17 マナト③/ジンについて

 もう一つ、ジンという存在。


 長老いわく『人間ならざる者』で、『塵』から出来ているという事で『ジン』と呼ばれ、幼い子どもをさらったり、また、殺人など、様々な形で人間に危害を加えている存在なのだという。


 厄介なのが、普段は人間を装っているということ。


 人に化けて人間に近づき、人間が気を許したところで犯行に及ぶ、というのが、ジンの常套手段らしい。


 ミトも、それでさらわれたとのことだった。


 このジンに関しては、謎に包まれている部分が多く、そのため、この世界の人間は皆、ジンを警戒しているのだという。

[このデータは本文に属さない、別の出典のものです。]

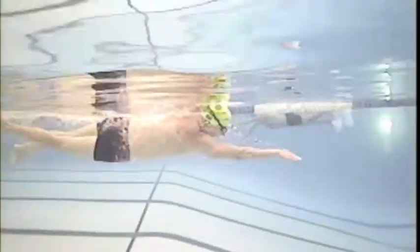Jeff, thanks for coming to the clinic. I hope you enjoyed it. One thing I want you to notice here: you've got a nice long extension and glide, but what I want you to notice is where your elbows are pointing when you're extending.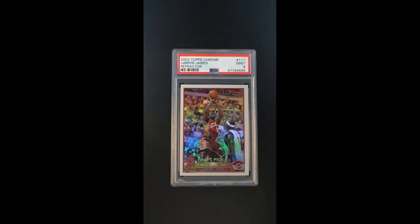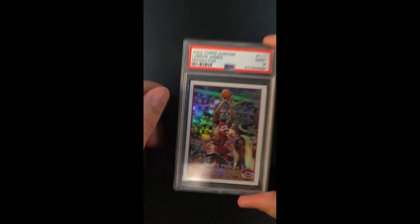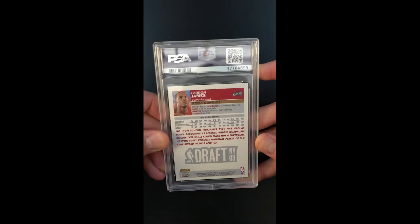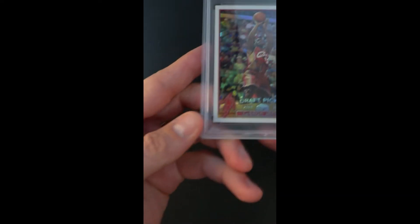Really a card which needs no introduction — this is the highly coveted refractor parallel of the Topps Chrome LeBron rookie. Graded mint, the card is undeniably pack-fresh throughout, with just maybe a 10-point centering shift right to left, but otherwise just absolutely pinpoint sharp. Everything is what we'd expect given the lofty grade; surfaces are amazing.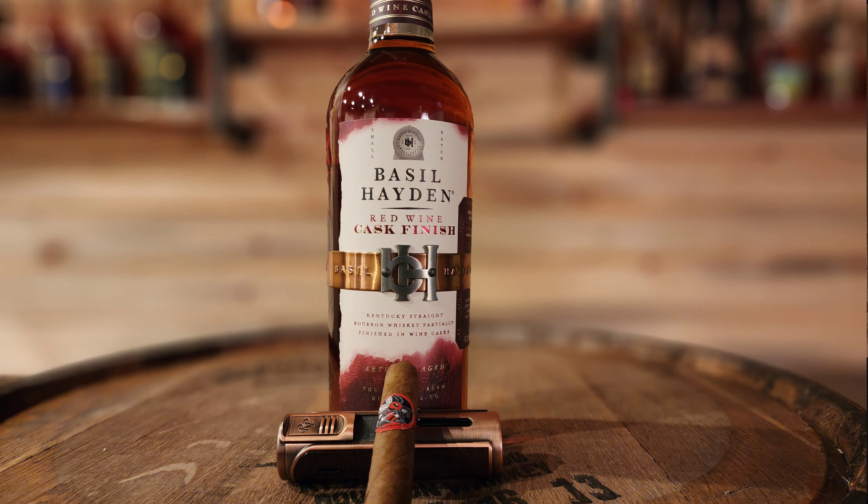Hey everybody, welcome back. We are Buddy Spirits and Cigars and today we are doing the Basil Hayden Red Wine Cask Finish. I haven't tried this yet, but from the way it sounds I'm kind of excited to try it. They took their high rye mash bill and aged this in California red wine casks. It's 80 proof and Basil Hayden did not give an age statement on their website.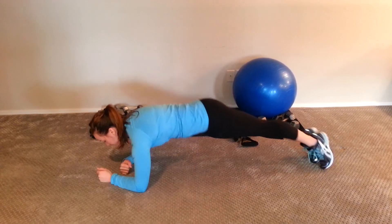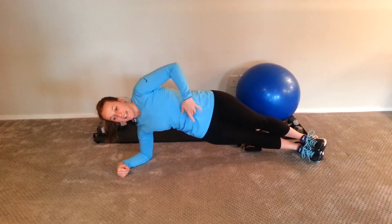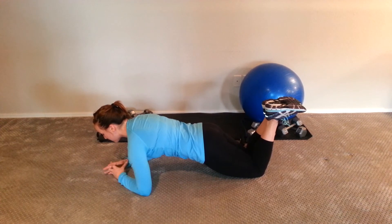You can stay here, or you can also come onto your elbow and those feet in a nice side plank to get those obliques, or just stay here. To modify, you can always come down to those knees and still make sure that you have that nice straight body.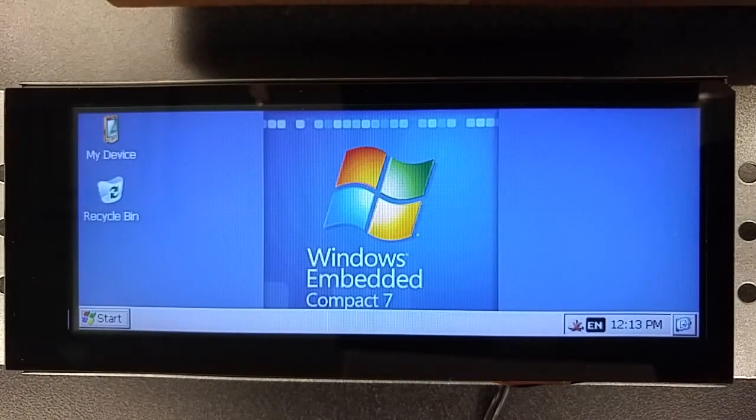As you can see, the touchscreen is very responsive and the CE7 image is full-featured. Please visit our website for more information.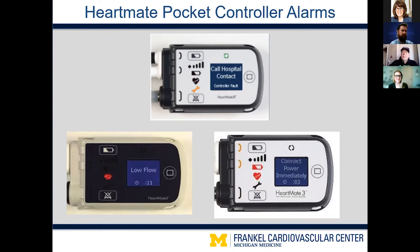One important thing to point out: if you look at the two lower screens, you'll notice a countdown or timer on the bottom of the screen. I want to emphasize that is a timer and not a countdown — it is telling you how long that alarm has been active. Some people have been confused thinking it was a countdown, worrying they only had 11 seconds before the pump stops, but actually it's the opposite — it's just telling you how long that alarm has been active.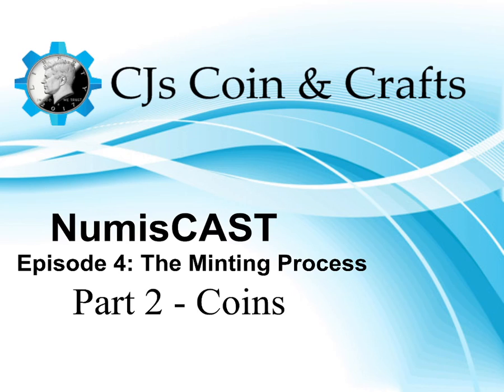Hey everyone, this is CJ from CJ's Coins and Crafts, and welcome to Numiscast. This program is dedicated to exploring, learning, and understanding our coinage. Today we will be talking about the minting process, specifically all about how the coins are made.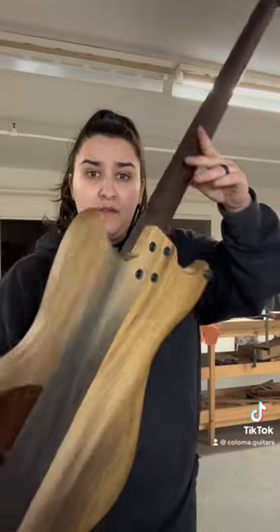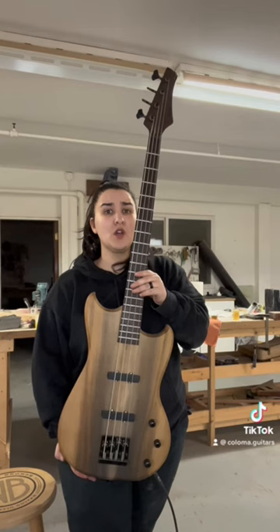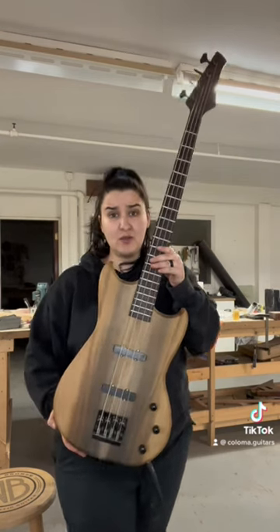This is a rosewood fretboard, and it has a wenge neck. 34-inch scale, MJS pickups, Hipshot bridge, Gotoh tuners. It's a pretty cool beast.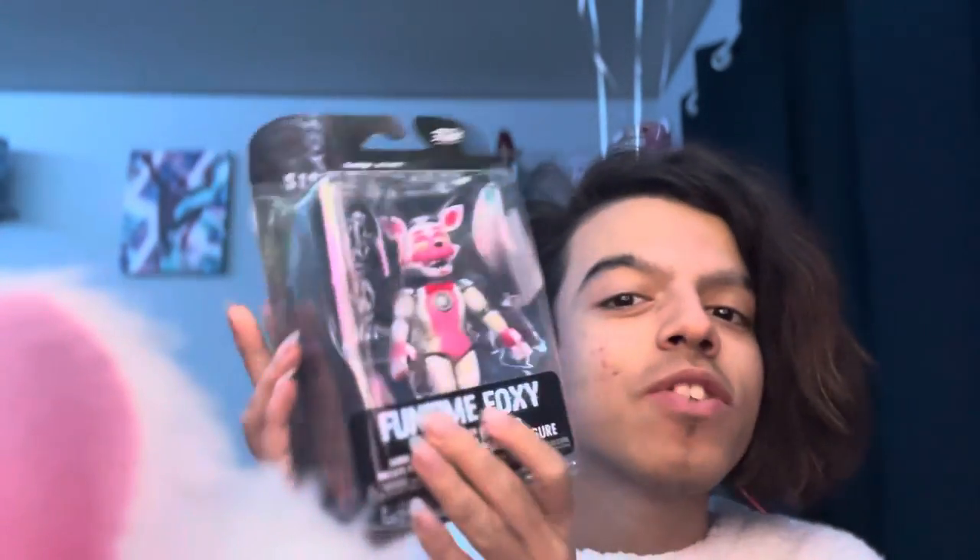Hey guys, my name is Yvonne T. Jr., and today we're gonna be unboxing this Funko Pop Funtime Foxy little action figure. I actually wanted this for so long. I literally love Funtime Foxy. That's my first favorite character in the whole franchise of FNAF.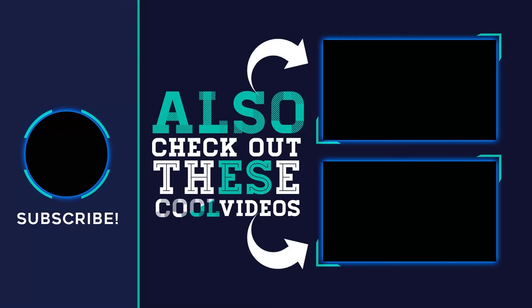Thank you for watching this video. Please subscribe to my channel, share this video, and hit the like button.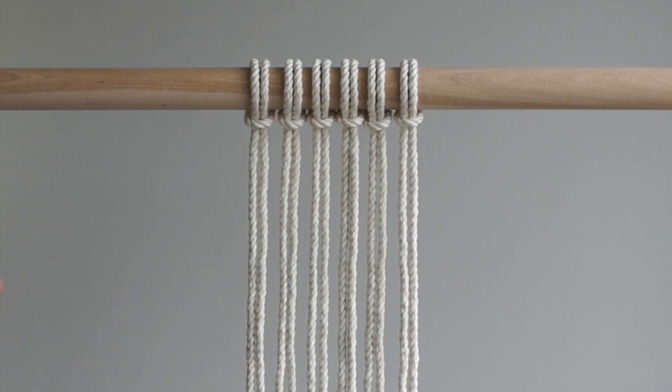For this setup I've cut 6 pieces of rope, each piece is 2 meters in length. Fold each piece in half and attach to your dowel using lark's head knots.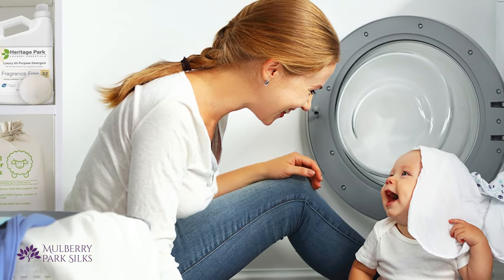We recommend using a detergent specially formulated for silk, like Heritage Park Silk and Wool Detergent. At Mulberry Park Silks, we welcome you to contact us anytime with questions or visit us at mulberryparksilks.com. And be sure to check out our video on how to care for your silk sheets, pillowcases, and bedding.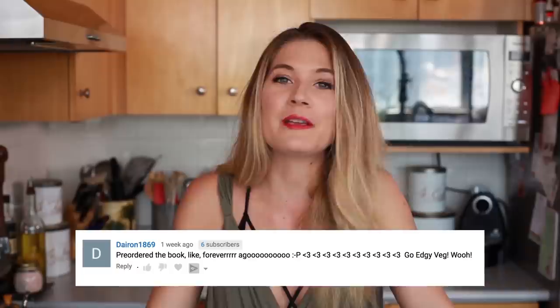Subscribe of the Week this week is Dayron1869, and you are Subscribe of the Week because you pre-ordered my cookbook! If you would like to pre-order the cookbook, just click right here. It is all brand new recipes, some of which are sandwiches that are perfect for back-to-school as well.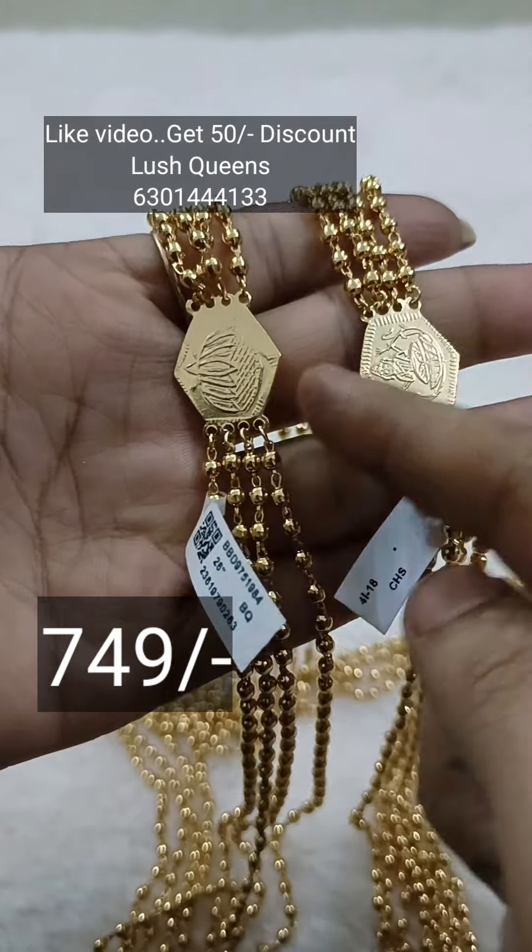It is a bit unique with the beads. If you have two chains, you can check it out. If you have a price or anything grand, you can check it out. If you like it, you will have a discount of 50 rupees. I will check it out in 4 layers.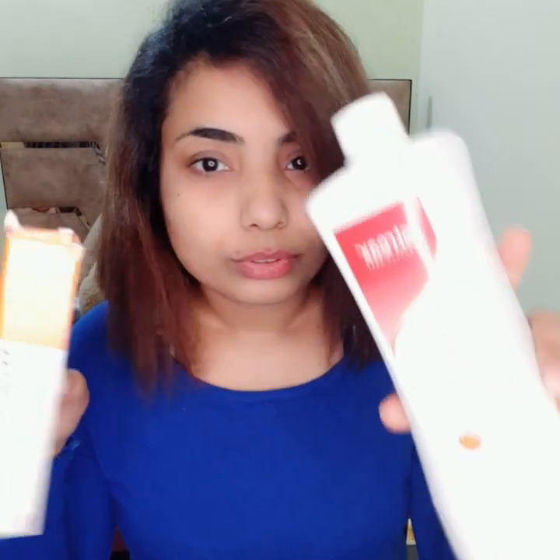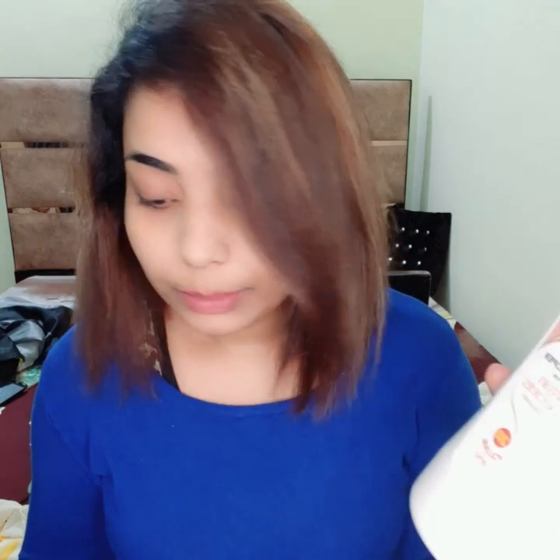I'll be using this color tube right here — this is L'Oreal Professional Paris Majirel 5.3. And for developer, I'll be using this one, which is a 20 volume developer. The ratio has to be one to two: whatever amount of cream you take, you need to add double that amount of developer.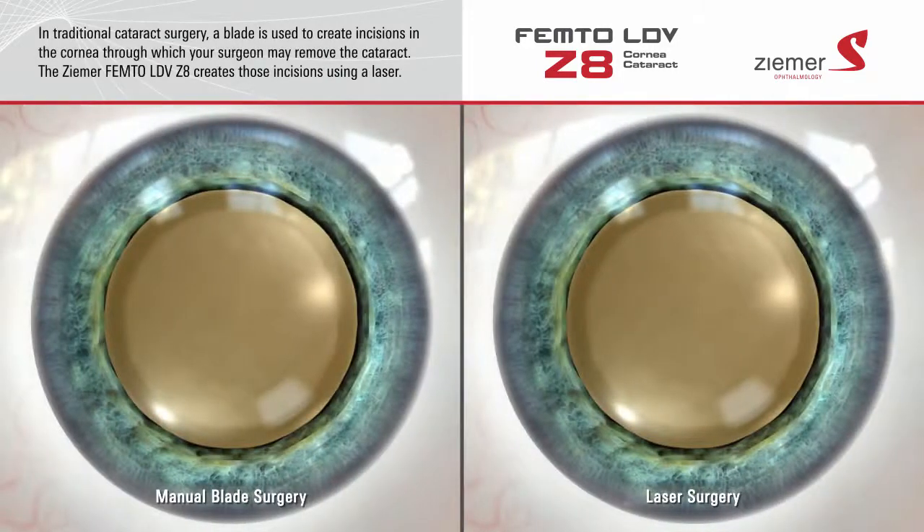In traditional cataract surgery, incisions into the eye are manually created with a blade. These incisions allow your surgeon to insert the instruments used to remove the vision-blocking cataract. The Zeemer Z8 laser creates these incisions using a beam of laser light, providing very precise and customized incisions with Swiss-engineered accuracy.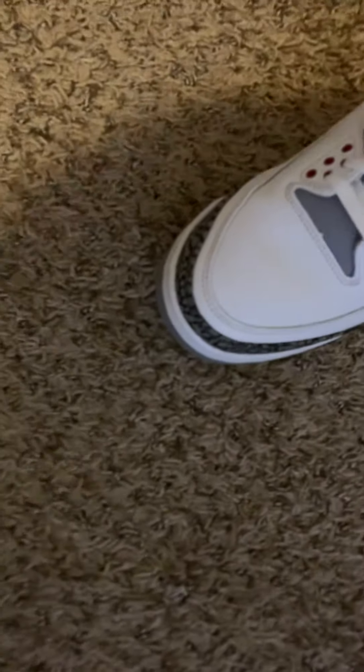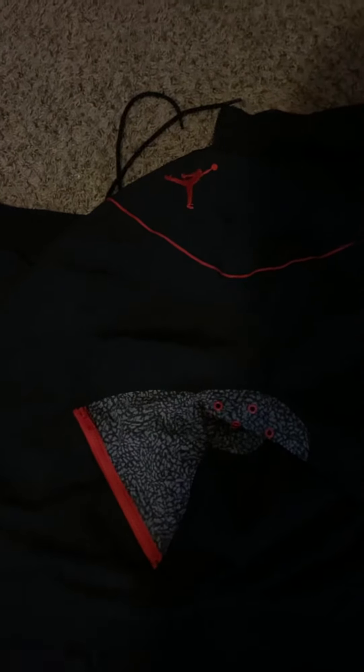Also, on the back of the originals there are no zippers, whereas on the back of these they have zippers. That's pretty much it. It's just a clean, nice little warm-up. I like this one a lot actually. This is the first warm-up suit Nike did with the Jumpman on it. If you've ever seen the Jordan 4 warm-up suits, the Jordan 3 apparel looked a lot better.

 マナトがこの世界に来てすぐ、ラクトがマナトに対して取った行動も納得だった。


 「あら、ミトくん!」

 「やあ」

 「この前の、かっこよかったよ」

 「ありがとう」


 すれ違いざま、女の人がミトに声をかけた。


 道行く人が、多くなってきた。


 ミトと同じような服を着ているわけではなく、赤、緑、青の鮮やかな色合いの衣装を身につけている華やかな女性もいれば、この前のグリズリーから剥ぎ取ったものだろうか、獣の毛皮を身につけているワイルドな男性もいて、皆、様々だった。


 「みんな、服が独特なんですね」

 「キャラバンの村は、様々な地域の文化が融合しているから、身につけるもの一つとっても、多様性に富んでいるんだ」

 「なるほど」

 「でも、マナト君も、十分、独特だったよ」

 「あはは……」


 マナトとミトは、村の中心、大広場へと続く、白と灰色の石で固められた大通りまで歩いて来た。


 この大通り、前にグリズリーとミトが闘った場所だ。


 グリズリーに襲われた住居の扉には、木の板で応急処置がなされている。


 「それで、どこに行くの?」

 ミトがマナトに言った。


 「いや、特には決めていないんです。村にどんなものがあるのか、気になって。散歩がてら、いろいろ見てみたいって思って」

 「なるほどね」


 マナトとミトが話していると、建物と建物の間の細道から、上半身裸で、肩からタオルをかけた男達が3人、大通りに出てきた。


 「あの人達……?」

 「あぁ、銭湯帰りだろうね」

 「銭湯……」


 ……そういえば、お風呂に入ってないなぁ。


 すると、ミトが「行く?」みたいに、指差した。


 「大丈夫だよ。自由に入れるんだ」


 大通りから横道に外れ、3人の男達が出て来た細道を通り抜けた。すると、他の建物よりも、ひと際大きな石造りの建物が姿を現し、なんと書かれているのかは分からないが、おそらく『ゆ』的な文字であろう、のれんがかかっていた。


 村の人共有の大浴場だった。


 中に入ると、これまた何て書いてあるかは分からないが、おそらく男湯と女湯と書いてあるのだろう、入口が2つあった。


 「あっ、中は、やっぱ、似てるんだ」

 「前の世界と?」

 「はい。男と女で分かれてるんですよね。やっぱりそこは一緒だなと」

 「あぁ、そこね」


 ミトに促され、男湯のほうへと入って行った。